[Opening Provided entries section]

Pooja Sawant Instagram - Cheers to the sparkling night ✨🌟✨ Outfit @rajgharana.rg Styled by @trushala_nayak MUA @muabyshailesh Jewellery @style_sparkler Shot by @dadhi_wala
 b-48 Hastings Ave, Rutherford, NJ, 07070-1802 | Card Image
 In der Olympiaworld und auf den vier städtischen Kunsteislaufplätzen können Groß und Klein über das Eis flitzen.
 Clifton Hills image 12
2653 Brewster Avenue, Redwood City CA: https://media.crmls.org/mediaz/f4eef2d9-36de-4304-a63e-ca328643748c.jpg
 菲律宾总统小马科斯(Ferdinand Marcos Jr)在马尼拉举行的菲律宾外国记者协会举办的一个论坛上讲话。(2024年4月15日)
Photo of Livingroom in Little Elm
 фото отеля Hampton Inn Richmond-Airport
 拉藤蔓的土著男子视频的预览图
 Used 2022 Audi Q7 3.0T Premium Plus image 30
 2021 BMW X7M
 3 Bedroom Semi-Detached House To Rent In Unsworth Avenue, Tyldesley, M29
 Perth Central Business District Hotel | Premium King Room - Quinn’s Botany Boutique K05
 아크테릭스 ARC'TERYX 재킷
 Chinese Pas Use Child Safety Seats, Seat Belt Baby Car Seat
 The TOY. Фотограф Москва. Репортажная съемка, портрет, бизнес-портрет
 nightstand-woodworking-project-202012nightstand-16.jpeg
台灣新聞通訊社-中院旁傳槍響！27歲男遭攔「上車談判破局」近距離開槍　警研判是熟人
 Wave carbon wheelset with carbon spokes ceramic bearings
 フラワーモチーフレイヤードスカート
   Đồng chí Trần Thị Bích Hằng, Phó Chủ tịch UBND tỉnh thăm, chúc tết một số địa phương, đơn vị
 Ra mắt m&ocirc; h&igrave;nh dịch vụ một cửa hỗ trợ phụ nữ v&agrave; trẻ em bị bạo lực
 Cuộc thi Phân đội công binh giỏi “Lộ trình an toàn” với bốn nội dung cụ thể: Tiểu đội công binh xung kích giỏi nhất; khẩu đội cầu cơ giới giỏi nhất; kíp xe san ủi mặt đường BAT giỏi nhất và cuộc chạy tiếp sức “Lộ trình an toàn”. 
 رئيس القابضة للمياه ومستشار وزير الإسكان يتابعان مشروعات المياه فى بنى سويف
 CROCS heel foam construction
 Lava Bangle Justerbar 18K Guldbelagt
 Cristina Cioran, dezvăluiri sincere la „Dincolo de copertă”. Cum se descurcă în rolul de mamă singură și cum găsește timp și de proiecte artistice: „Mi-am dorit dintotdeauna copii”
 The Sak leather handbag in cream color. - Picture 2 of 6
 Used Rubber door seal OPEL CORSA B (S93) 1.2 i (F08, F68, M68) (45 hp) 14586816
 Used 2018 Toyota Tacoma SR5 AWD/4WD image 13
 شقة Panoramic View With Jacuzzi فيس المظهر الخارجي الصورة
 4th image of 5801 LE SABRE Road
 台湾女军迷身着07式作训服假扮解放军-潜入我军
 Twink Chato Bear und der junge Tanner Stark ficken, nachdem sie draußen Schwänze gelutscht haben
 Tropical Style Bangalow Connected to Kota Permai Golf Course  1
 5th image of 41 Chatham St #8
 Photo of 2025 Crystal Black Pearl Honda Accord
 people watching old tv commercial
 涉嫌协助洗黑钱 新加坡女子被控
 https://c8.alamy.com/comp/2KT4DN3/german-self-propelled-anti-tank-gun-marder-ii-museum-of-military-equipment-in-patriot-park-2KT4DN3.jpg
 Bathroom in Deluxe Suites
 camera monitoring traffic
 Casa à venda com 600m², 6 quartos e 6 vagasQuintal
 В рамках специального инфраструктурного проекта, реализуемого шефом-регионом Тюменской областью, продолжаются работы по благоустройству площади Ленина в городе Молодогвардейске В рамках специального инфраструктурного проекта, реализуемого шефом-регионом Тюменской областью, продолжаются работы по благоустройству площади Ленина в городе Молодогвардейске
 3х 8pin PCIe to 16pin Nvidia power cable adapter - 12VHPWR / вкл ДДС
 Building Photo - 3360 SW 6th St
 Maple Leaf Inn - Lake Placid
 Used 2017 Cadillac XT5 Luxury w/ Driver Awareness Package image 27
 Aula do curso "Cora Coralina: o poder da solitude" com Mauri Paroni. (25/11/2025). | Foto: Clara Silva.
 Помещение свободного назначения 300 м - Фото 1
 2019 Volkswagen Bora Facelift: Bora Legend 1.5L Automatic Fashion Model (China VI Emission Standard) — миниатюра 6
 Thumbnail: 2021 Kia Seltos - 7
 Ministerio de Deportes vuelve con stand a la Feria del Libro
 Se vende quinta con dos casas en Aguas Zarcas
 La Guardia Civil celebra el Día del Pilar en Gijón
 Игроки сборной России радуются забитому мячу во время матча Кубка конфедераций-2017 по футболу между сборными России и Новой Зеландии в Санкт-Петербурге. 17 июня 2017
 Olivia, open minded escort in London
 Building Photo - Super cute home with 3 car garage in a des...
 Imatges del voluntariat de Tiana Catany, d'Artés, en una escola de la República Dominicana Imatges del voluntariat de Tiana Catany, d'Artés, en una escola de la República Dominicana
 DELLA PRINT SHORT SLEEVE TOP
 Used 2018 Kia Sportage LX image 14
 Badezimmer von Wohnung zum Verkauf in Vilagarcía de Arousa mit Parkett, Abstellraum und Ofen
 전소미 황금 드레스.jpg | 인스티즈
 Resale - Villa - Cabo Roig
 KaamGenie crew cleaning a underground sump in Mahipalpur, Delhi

[Closing Provided entries section]

### What to do
Copy out each line of the material that holds the word "Used".

### Result below
 Used 2022 Audi Q7 3.0T Premium Plus image 30
 Used Rubber door seal OPEL CORSA B (S93) 1.2 i (F08, F68, M68) (45 hp) 14586816
 Used 2018 Toyota Tacoma SR5 AWD/4WD image 13
 Used 2017 Cadillac XT5 Luxury w/ Driver Awareness Package image 27
 Used 2018 Kia Sportage LX image 14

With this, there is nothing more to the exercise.